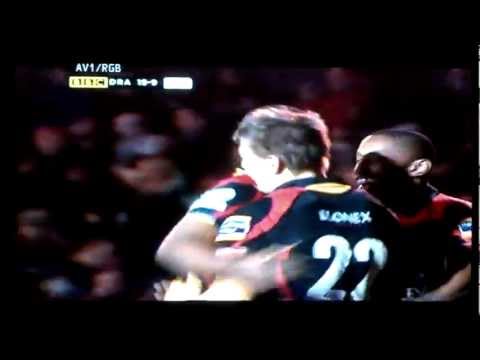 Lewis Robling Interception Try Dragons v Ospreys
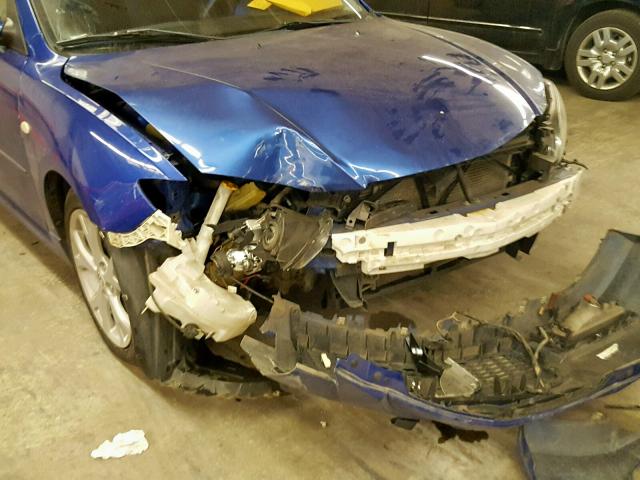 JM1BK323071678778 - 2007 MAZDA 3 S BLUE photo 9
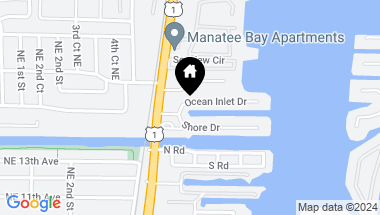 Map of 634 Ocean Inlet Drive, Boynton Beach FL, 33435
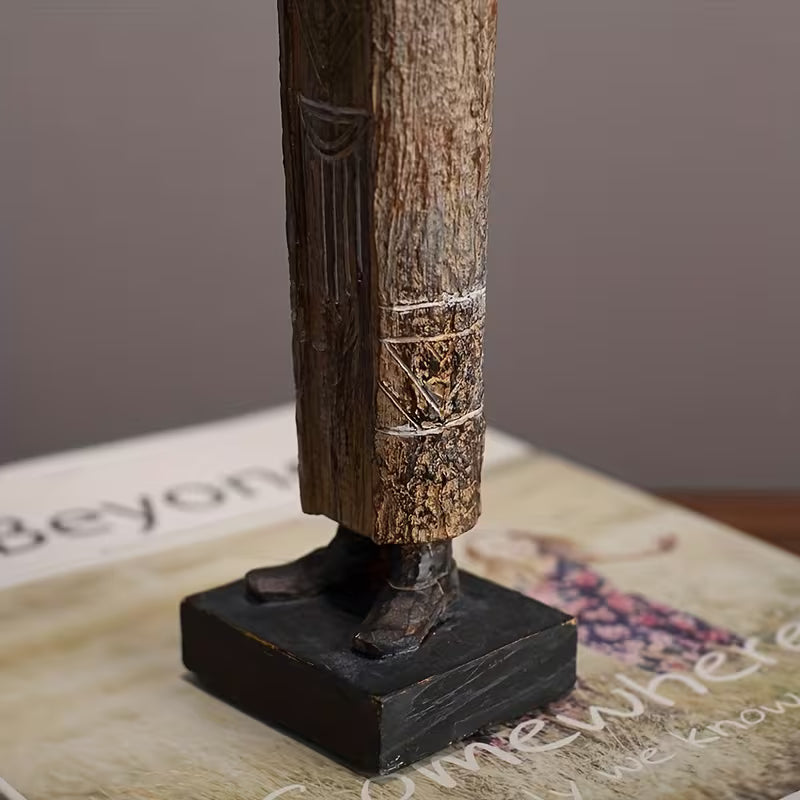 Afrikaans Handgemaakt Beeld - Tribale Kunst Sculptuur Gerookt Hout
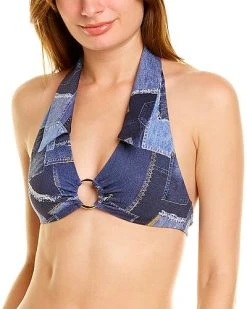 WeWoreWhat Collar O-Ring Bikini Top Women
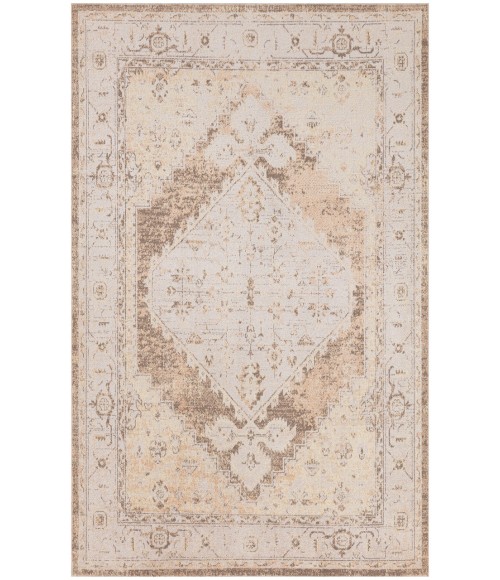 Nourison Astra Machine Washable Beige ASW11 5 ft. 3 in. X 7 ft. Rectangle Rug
........
• ASSIGNMENT
Every line of the material above must be written out exactly, with no pictures.

• RESULT
 Lewis Robling Interception Try Dragons v Ospreys
 JM1BK323071678778 - 2007 MAZDA 3 S BLUE photo 9
 Map of 634 Ocean Inlet Drive, Boynton Beach FL, 33435
 Afrikaans Handgemaakt Beeld - Tribale Kunst Sculptuur Gerookt Hout
 WeWoreWhat Collar O-Ring Bikini Top Women
 Nourison Astra Machine Washable Beige ASW11 5 ft. 3 in. X 7 ft. Rectangle Rug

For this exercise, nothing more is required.